Since Google DNS was announced, I noted that people repeated the Google message:

Complex pages often require multiple DNS lookups before they start loading, so your computer may be performing hundreds of lookups a day.

Is this really true? Well let’s try to break this up in more verifiable keyphrases, starting from the end of the message.

“Your computer may be performing hundreds of lookups a day” is definitely true in general. On the other hand I’d like to note a few things here. Most decent operating systems, and that includes Linux, FreeBSD, OSX and I think Windows as well, tend to cache the DNS results. In Linux and FreeBSD the piece of software that does that is called nscd (Name Service Cache Daemon). If it’s not running, then multiple requests do tend to be quite taxing (I found that out by myself when I forgot to start it in the tinderbox after moving to containers), so set it to auto-start if you didn’t already.

Now it is true that the type of caching that nscd do is quite limited, so it’s definitely not perfect but there is probably another problem there, and that’s well summarised by Paul Vixie’s rant about DNS abuse where he explain how DNS have been abused, among other things, to provide policy results rather than absolute truths. To express policies, it also means that the response cannot really be cached for long periods of time, and that’s definitely a problem for all systems caching, as having a low time-to-live (TTL) means that you have to make at least one full resolution any given time.

And this is probably the main reason why DNS caches, whoever provides them, tend to get more interesting: while they have to make a full recursive resolution every time the TTL expires, it’s most likely that somebody else have requested it already so the common entries (like Google’s hosts) are likely to always be fresh. It still doesn’t solve one problem though: you need multi-level caches, just like the CPU has, since making a (cached) request to an external server is always going to take more time than getting it out of a local cache. Myself to solve the problem I usually have nscd running as well as having pdnsd running on my router to cache the requests (yes that’s why most home routers don’t assign your ISP’s DNS to the single boxes but try to be the main DNS, sometimes failing badly because of bad caches).

But what I really have a problem with is the other half of the message: “Complex pages often require multiple DNS lookups before they start loading”. This is also true of course, but has anybody thought about why is that? Well I sincerely think this is also Google’s own fault!

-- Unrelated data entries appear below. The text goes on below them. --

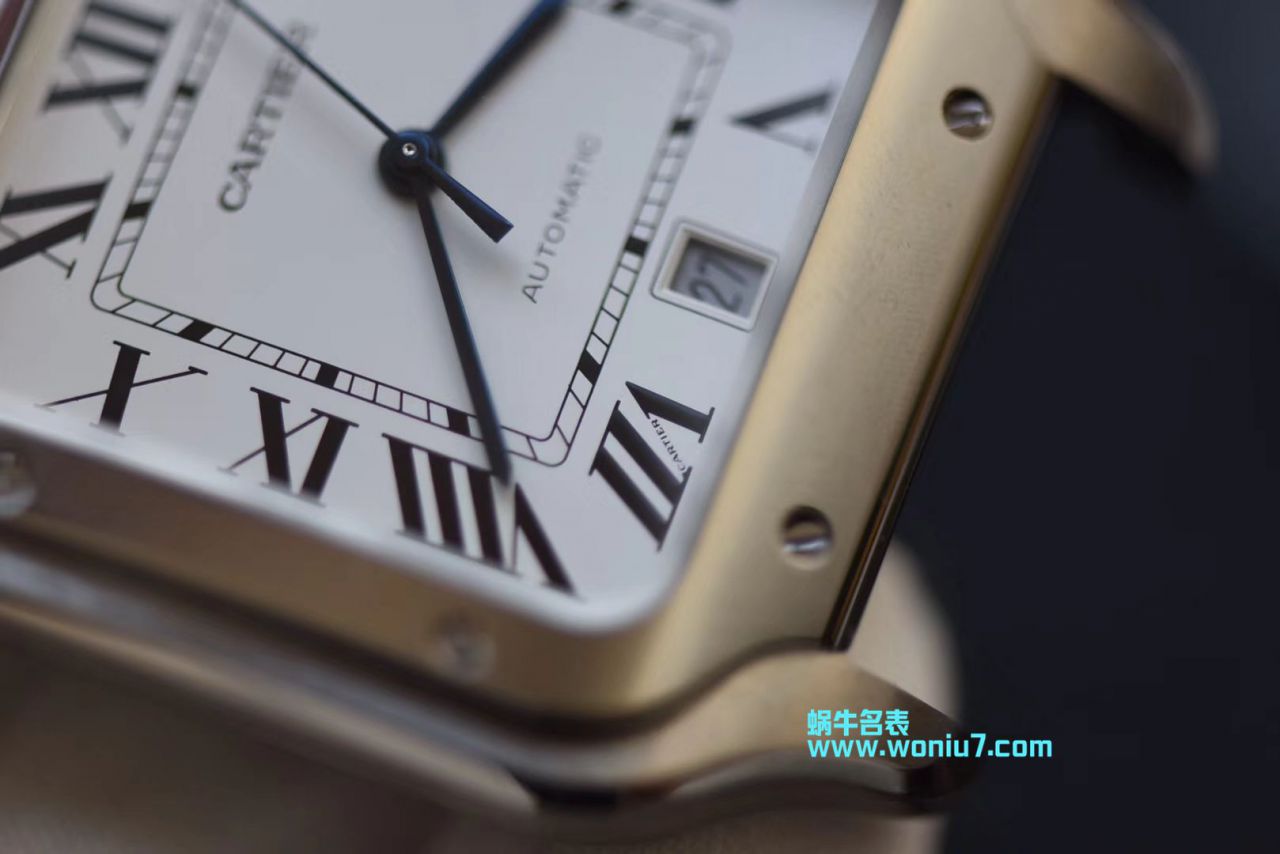 【V6 Factory  Perfect  High quality  top  Replica Watches 】 Cartier   Santos 系列WSSA0009男女情侣 wrist watches  / K165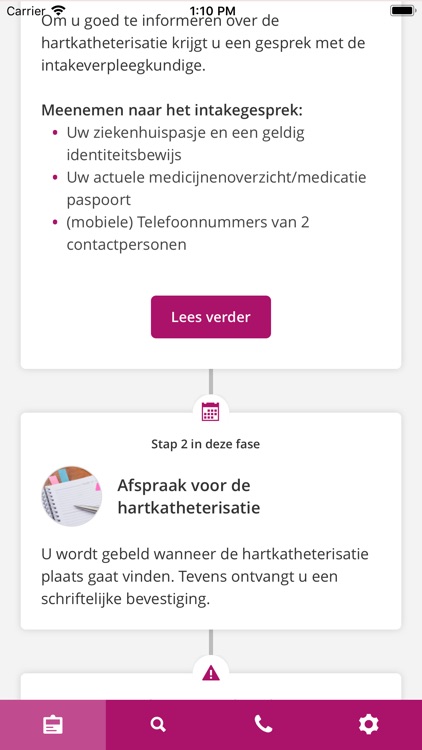 VieCuri Behandelapp 2.0 screenshot-3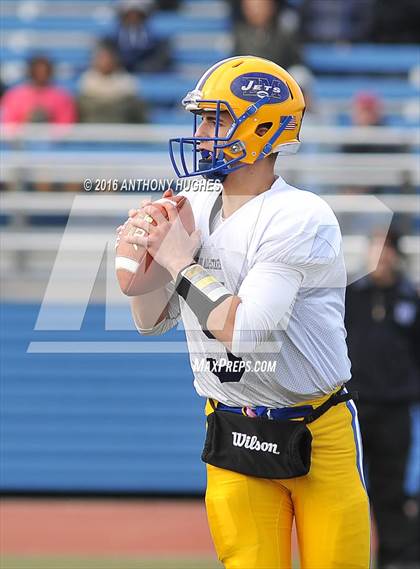 Thumbnail 1 in Nassau County Senior Game (Conference I&IV vs Conference II&III) photogallery.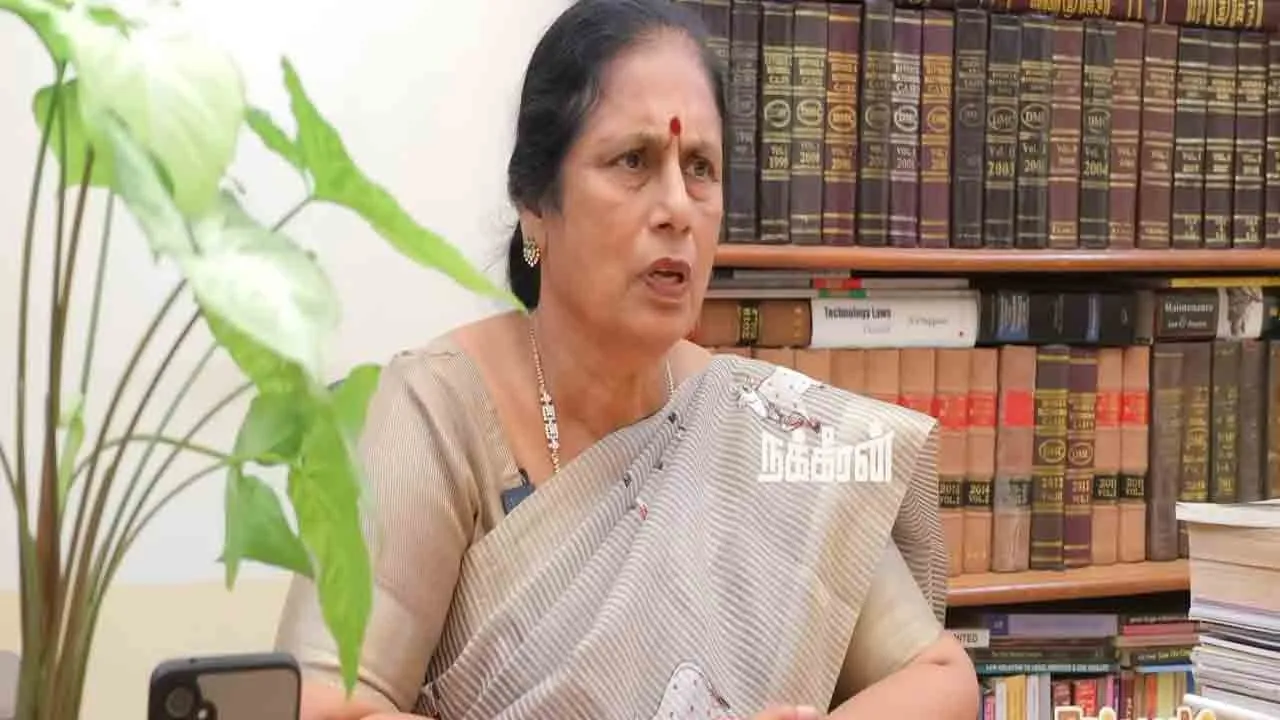  advocate santhakumaris valakku en 107 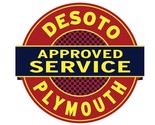 Desoto Plymouth Sticker Decal R190 - $1.95+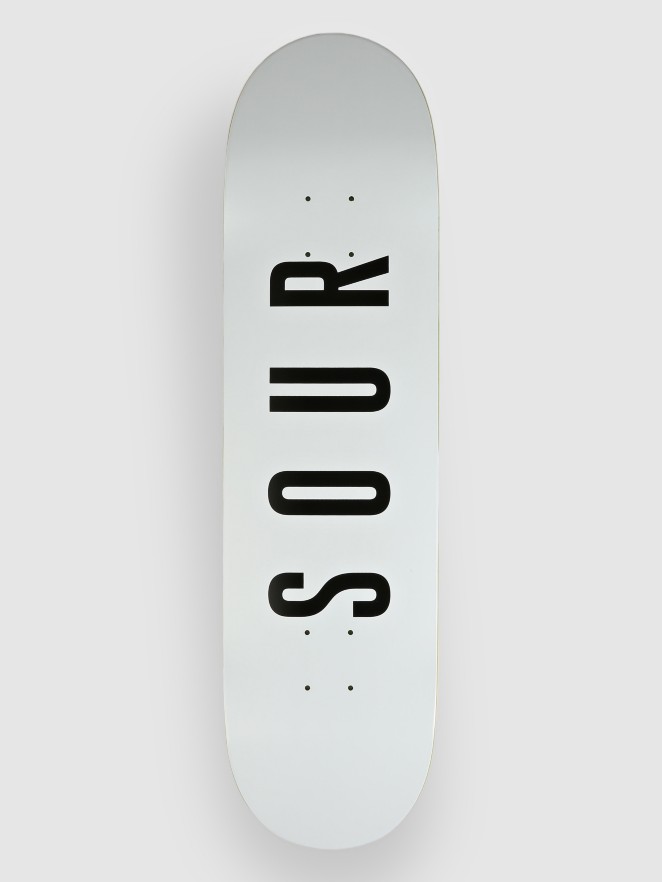 Sour Solution Sour Army - White 8.25" Skateboard Deck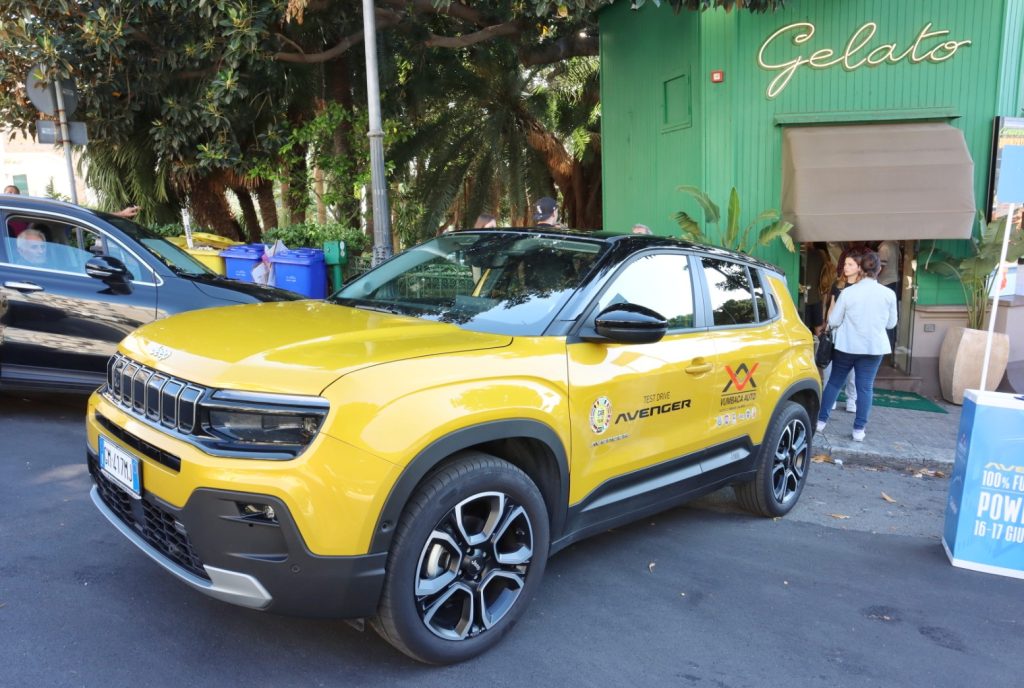 Test Drive Vumbaca da Cesare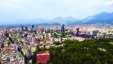 Aerial Drone View Of Tirana, Albania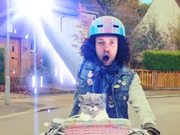 Riding My Bike and Singing with My Cat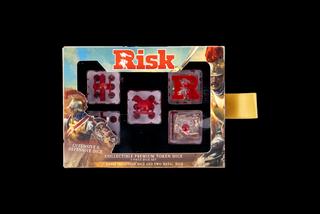 Risk 22mm Game Piece Inclusion D6 Set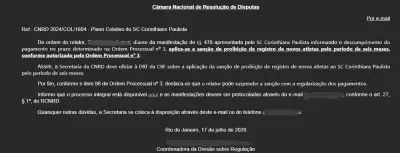 Corinthians sofre terceiro transfer ban em dois meses e negocia Pedro Raul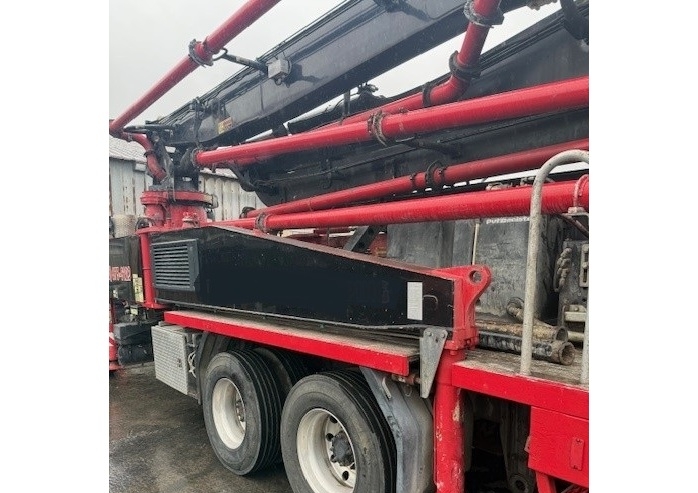 Bombas Para Concreto Putzmeister BSF32Z16H de medio uso en venta Ref.: 1773765561317294 No. 2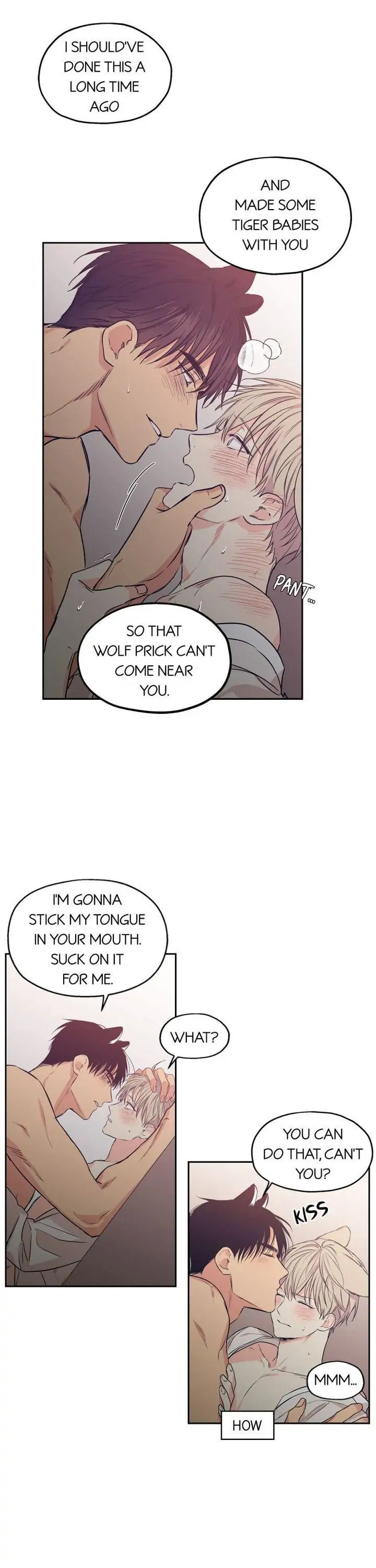 No Love Zone Chapter 31.1 page 5 - 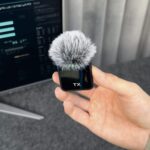 Dudao M3 Collar Microphone 2pc set for Lightning and Type-C - Image 4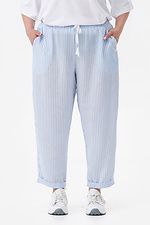 Штани STRIPE Блакитний Garne 3044198 фото №2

Indeed even my own blog pages have resources coming from a number of different hosts: Google (for the custom search), PayPal (for the donation button which I restored a couple of weeks ago), Amazon (for the rare associate links) and Creative Commons for the logo at the end of the page; single post pages also have Gravatar images. While it’s probably impossible to just avoid using external resources in a web page, it doesn’t help that a lot of services, including Amazon’s associates website, Google’s Analytics and AdSense have external hostnames: a web page with Google custom search, AdSense and Analytics will have to make three resolutions, rather than one.

And this made me think about some self-cleansing as well. My personal reason to have my website and my blog as separate hostnames is mostly that at the time I first set it up, Typo was hard to properly set on a sub-directory. I wonder if I should now reduce the two of them at just using the flameeyes.eu domain and have a single /blog/ subdirectory for Typo.

But I also noticed other people creating different subdomains for “static” content, which end up requiring further resolutions, for no good reason at all. I think that most people don’t realise that at all (I also haven’t thought much about that before), and I wonder if Google shouldn’t rather start trying to teach people the right way to do things rather than coming up with some strangely boring, badly hyped, privacy-concerning project like the DNS.